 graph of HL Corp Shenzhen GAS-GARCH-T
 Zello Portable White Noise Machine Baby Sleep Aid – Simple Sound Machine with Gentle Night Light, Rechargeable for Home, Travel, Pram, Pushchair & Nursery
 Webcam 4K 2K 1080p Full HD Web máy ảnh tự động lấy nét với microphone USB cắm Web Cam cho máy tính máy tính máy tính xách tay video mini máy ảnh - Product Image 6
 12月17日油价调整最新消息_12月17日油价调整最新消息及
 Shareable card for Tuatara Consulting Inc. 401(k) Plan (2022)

***

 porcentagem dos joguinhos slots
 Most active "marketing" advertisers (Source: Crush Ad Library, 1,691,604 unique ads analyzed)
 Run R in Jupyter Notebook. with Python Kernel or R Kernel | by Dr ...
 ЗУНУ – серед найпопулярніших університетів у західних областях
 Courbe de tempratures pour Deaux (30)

***

• _Task to complete_
In the listing above, find the line containing "unique ads analyzed)" and the line containing "Courbe de tempratures pour Deaux (30)", then retype both and every line between them exactly, with nothing else.

• _Output of the task_
 Most active "marketing" advertisers (Source: Crush Ad Library, 1,691,604 unique ads analyzed)
 Run R in Jupyter Notebook. with Python Kernel or R Kernel | by Dr ...
 ЗУНУ – серед найпопулярніших університетів у західних областях
 Courbe de tempratures pour Deaux (30)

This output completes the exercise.